Given material:
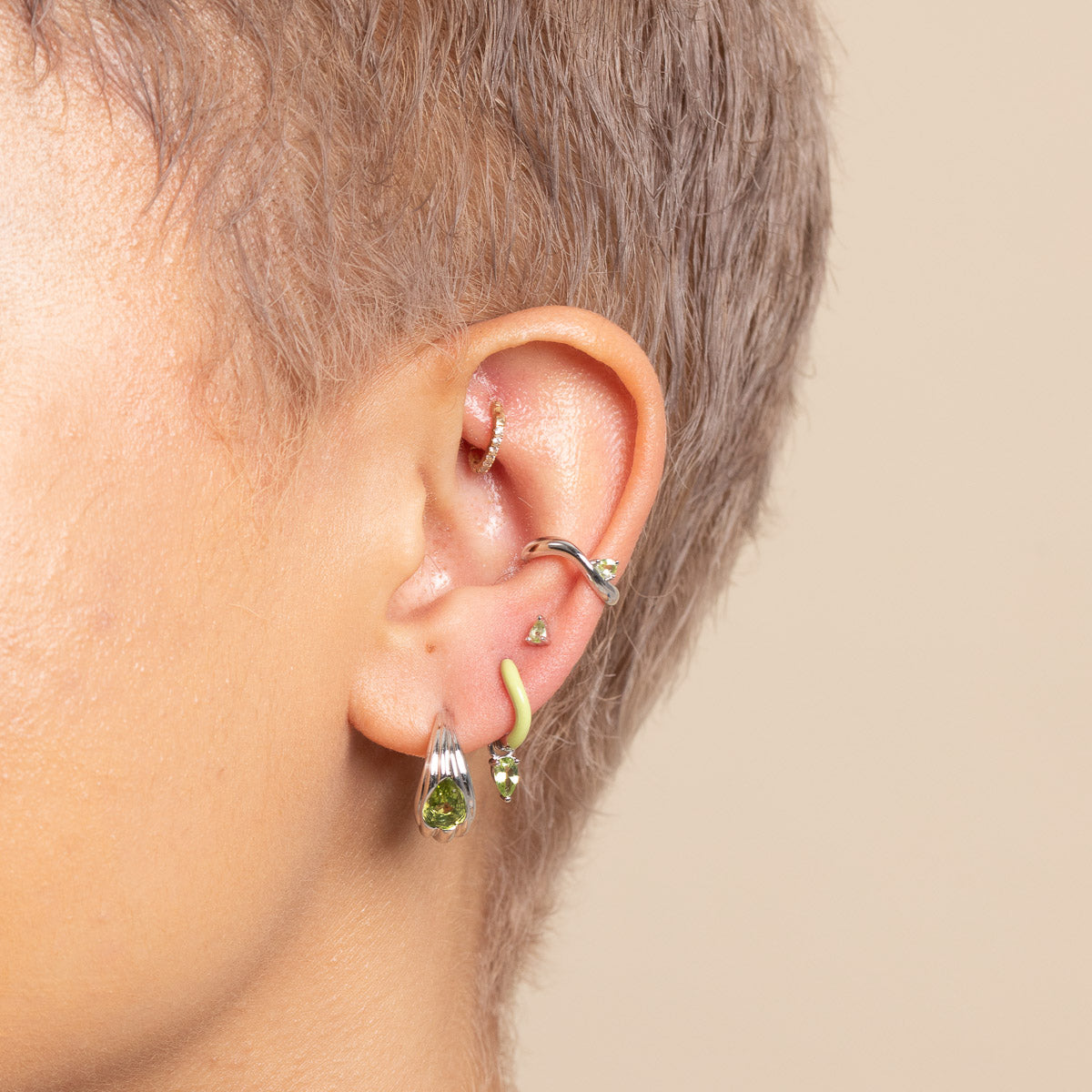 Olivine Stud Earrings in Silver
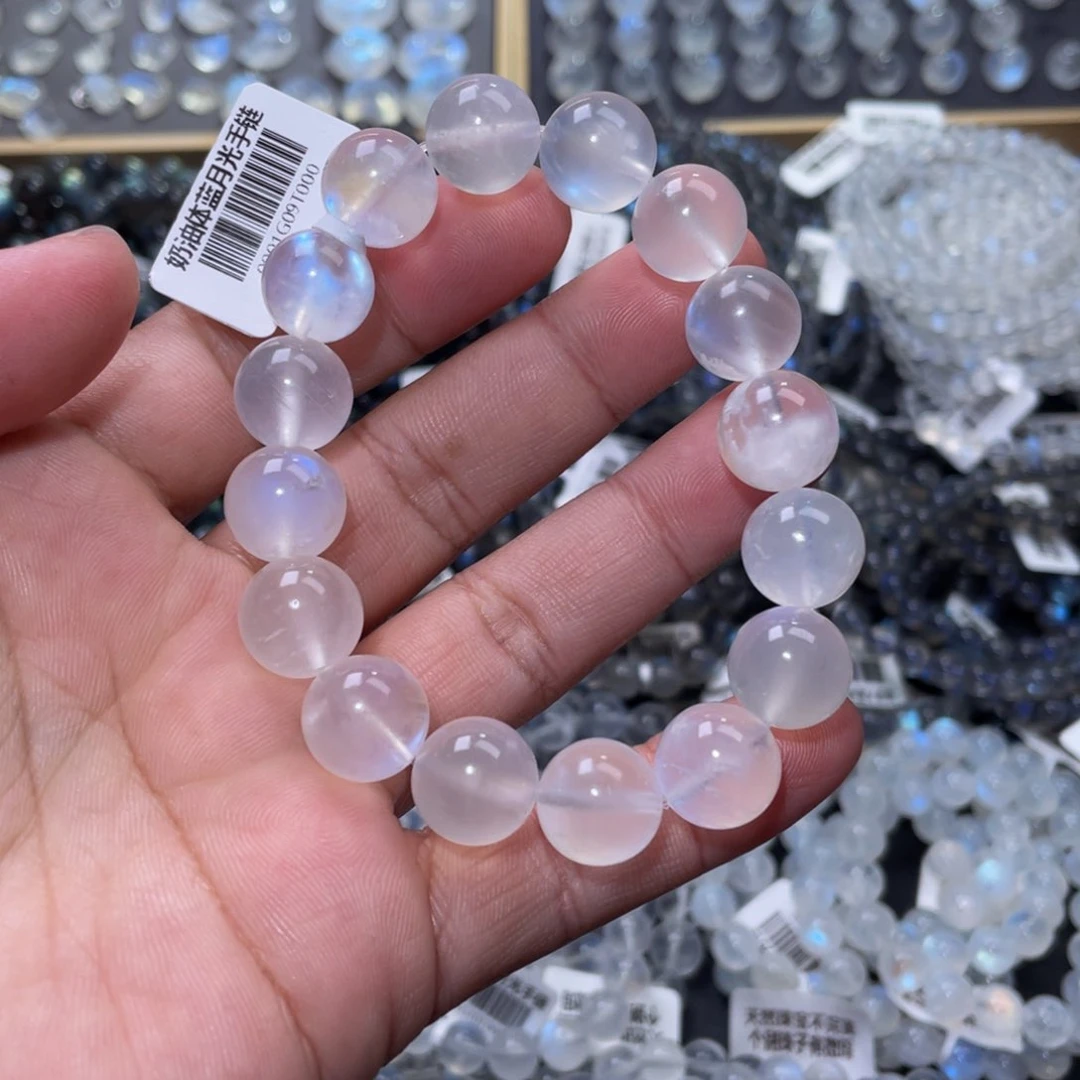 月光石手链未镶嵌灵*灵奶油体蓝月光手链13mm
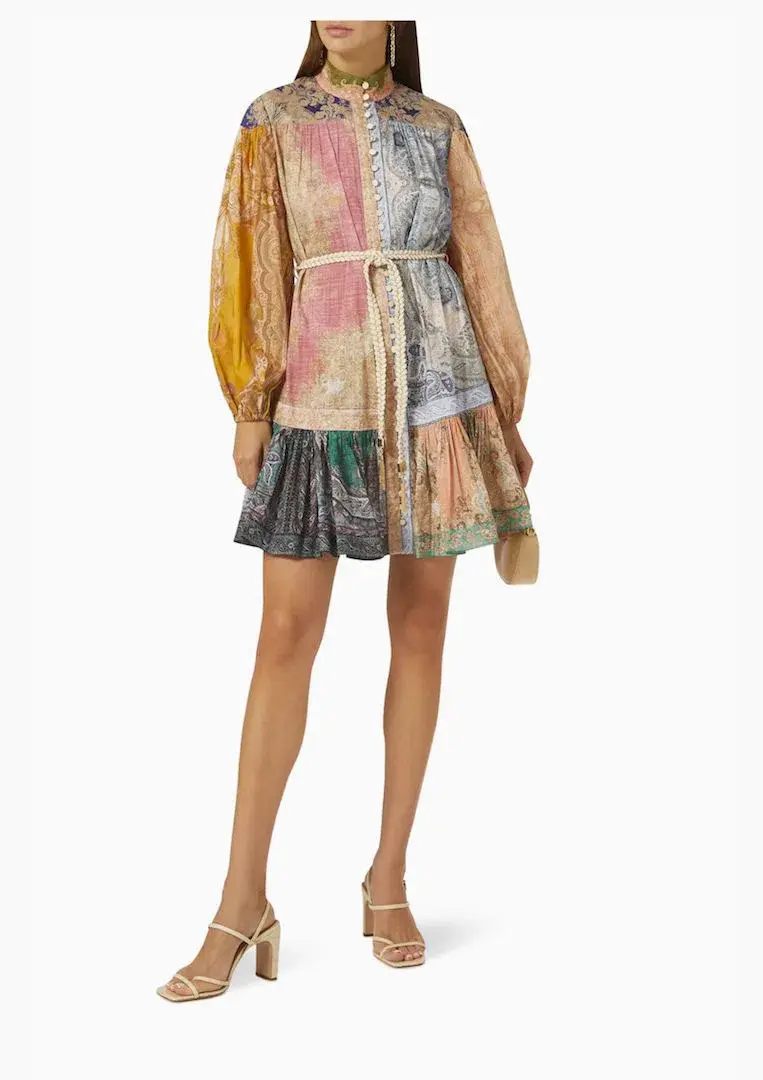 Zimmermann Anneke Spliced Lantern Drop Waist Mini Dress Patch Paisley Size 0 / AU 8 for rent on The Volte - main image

What needs to be done: Exclude all images and return the listing word for word.

Result of the task:
 Olivine Stud Earrings in Silver
 月光石手链未镶嵌灵*灵奶油体蓝月光手链13mm
 Zimmermann Anneke Spliced Lantern Drop Waist Mini Dress Patch Paisley Size 0 / AU 8 for rent on The Volte - main image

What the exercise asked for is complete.